» **Provided data**:
*** Begin section ***

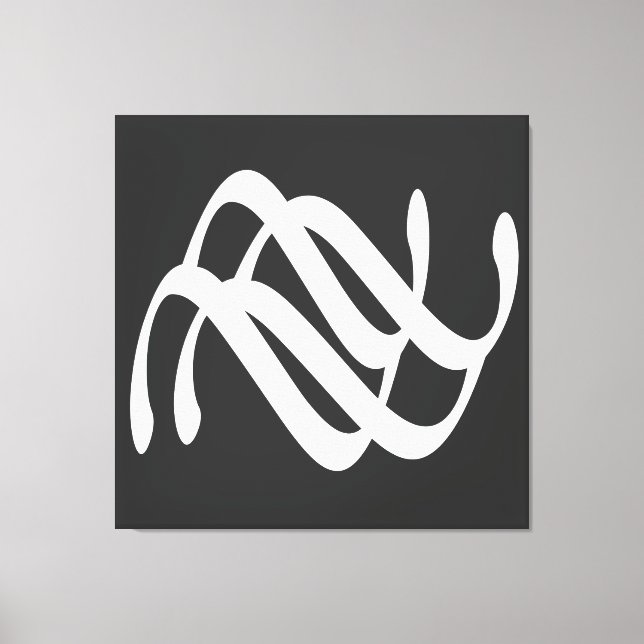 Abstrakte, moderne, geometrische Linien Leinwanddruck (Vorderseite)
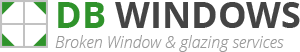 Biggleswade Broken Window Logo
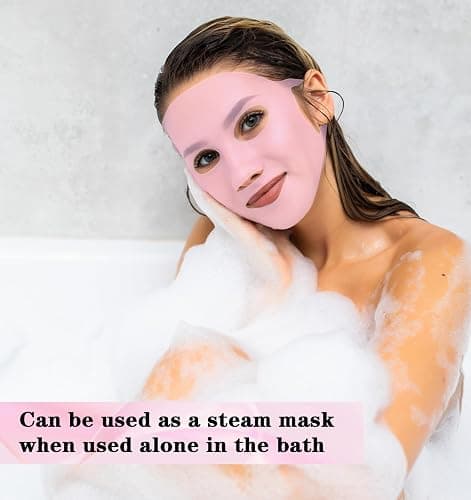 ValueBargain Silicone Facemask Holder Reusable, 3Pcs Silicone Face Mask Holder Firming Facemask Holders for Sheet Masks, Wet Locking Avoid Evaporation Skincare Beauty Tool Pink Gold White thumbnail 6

*** End section ***

» **Work required**:
None of the pictures should be carried over when the data above is transcribed exactly.

» **Exercise solution**:
 Abstrakte, moderne, geometrische Linien Leinwanddruck (Vorderseite)
 Biggleswade Broken Window Logo
 ValueBargain Silicone Facemask Holder Reusable, 3Pcs Silicone Face Mask Holder Firming Facemask Holders for Sheet Masks, Wet Locking Avoid Evaporation Skincare Beauty Tool Pink Gold White thumbnail 6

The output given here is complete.